I am wondering if you use tables or views to expose data in BigQuery, and if so why?

1) Context

We use dbt + BigQuery in a data mesh setup, where our data products expose one or multiple public datasets.

Our current guideline is to expose views, so our data products are often structured like this:

  • Landing layer (raw incoming data)
  • Private layer (transformed / refined / joined data)
    • work dataset with views for normalization
    • core dataset with tables (often incremental models) where data resides
  • Public layer (exposed data for consumers)
    • Views on top of the core tables
    • Often multiple public datasets for core data products:
      • public dataset with all brands → SELECT * FROM core.table
      • brand-specific datasets (public_brand1, public_brand2, …) → SELECT * FROM core.table WHERE brand = '...'

But we are wondering if we should encourage the usage of tables instead of views. So the core table (incremental model) would be moved to the public layer.

2) Advantages of tables

  • Preview works in the BQ UI (not possible with views), allowing to see what the data looks like.
  • Partition / clustering info is available in the BQ UI (for views, need to go look at the underlying table, and consumers don’t have access to it, since the core layer is private).
  • BQ UI automatically adds a “WHERE partition filter” in the query editor (avoids doing a full scan for lazy analysts).
  • Policy tags visible on tables, not views (we use those for access control to privacy-sensitive columns).
  • Can use time travel, snapshots, and cloning (useful for debugging downstream data product incidents, to see the state of upstream data product when it last ran).
  • Can use table sampling (for dev env).
  • No need for duplicate dbt models/YAML (core incremental + public view).
    • Maintaining the .yaml files is especially annoying, because they are very similar (same column types and descriptions), but we don’t want to define data tests both in core and public yaml, to avoid paying twice). So we can’t simply copy paste.
  • No need to deal with authorized views complexity (a special GitHub action applies permissions and authorizes the view, but we lose it if we re-create the core table, so need to remember to re-run the GitHub action).

3) Advantages of views

  • Higher storage + ETL cost if we materialize one table per brand dataset (because the data will be in the “public” table but also in the “public_brandX” table). With views, we store the data only once, in the core table.
    • But it’s also not that clear. Because, if we use views, and don’t cluster on the brand column, then a small brand will pay for reading the data for all brands. So we will reduce storage / ETL cost in our DP, but increase costs for our consumers.

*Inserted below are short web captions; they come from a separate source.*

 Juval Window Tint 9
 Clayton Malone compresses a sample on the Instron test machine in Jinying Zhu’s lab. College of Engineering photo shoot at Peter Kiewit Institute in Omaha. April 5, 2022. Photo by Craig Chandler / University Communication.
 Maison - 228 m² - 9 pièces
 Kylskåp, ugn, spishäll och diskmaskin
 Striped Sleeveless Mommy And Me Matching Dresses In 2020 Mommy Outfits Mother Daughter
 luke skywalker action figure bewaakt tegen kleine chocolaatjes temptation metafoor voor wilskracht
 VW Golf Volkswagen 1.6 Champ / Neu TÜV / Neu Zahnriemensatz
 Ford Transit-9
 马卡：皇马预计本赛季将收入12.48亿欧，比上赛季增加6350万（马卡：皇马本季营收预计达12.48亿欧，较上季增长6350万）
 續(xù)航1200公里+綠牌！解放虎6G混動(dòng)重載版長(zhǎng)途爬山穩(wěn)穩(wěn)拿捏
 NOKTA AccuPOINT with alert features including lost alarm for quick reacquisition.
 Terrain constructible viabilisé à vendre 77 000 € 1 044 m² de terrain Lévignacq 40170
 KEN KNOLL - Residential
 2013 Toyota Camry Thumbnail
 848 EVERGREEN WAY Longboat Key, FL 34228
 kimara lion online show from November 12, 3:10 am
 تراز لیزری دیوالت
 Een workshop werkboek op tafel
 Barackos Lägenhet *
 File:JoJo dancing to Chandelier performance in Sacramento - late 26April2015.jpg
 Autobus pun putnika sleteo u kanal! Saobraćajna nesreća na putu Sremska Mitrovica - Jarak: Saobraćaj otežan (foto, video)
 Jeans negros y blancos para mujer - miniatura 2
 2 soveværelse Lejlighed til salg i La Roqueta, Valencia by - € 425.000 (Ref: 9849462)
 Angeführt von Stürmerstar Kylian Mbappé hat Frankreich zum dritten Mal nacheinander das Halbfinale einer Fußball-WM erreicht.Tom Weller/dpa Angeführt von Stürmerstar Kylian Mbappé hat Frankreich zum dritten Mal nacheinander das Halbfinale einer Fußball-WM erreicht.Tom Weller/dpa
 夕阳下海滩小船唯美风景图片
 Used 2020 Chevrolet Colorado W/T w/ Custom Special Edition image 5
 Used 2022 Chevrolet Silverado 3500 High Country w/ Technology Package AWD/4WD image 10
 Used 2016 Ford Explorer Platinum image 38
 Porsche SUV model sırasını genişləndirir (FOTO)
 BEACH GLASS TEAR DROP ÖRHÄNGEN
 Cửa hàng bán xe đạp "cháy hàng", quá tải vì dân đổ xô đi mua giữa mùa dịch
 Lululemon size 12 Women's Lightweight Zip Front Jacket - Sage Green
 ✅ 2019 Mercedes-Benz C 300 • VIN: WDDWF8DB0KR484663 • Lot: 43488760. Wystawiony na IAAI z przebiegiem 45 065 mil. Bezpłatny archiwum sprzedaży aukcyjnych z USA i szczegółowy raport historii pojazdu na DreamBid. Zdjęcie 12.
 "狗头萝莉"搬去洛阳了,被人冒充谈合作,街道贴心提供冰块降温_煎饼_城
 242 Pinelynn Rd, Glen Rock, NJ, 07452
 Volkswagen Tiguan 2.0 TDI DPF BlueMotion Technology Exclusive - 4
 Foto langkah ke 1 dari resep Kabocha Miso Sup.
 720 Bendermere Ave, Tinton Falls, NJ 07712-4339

:point_right: What’s your experience? Do you default to tables or views for the public layer of your data products?

:point_right: Do you see other advantages / disadvantages of tables vs views?
:point_right: How do you handle the trade-off when you need to publish the same entity into multiple brand datasets?

Thanks!

I found a disadvantage of using tables for the public layer:

If our public tables are materialized using incremental models with merge strategy and on_schema_change, dbt will create xxx__dbt_tmp tables for the merge, that will expire after 12 hours (see issue).
Problem is, not only are those temp tables polluting the dataset visually, but also, they don’t contain policy tags like the standard tables. And we use policy tags to restrict access to some specific columns…
So this means some consumers could read some columns they shouldn’t have access to, for the recent rows incrementally added during the last run…
So I need to see if we can override the materialization, to create those temp tables in another dataset.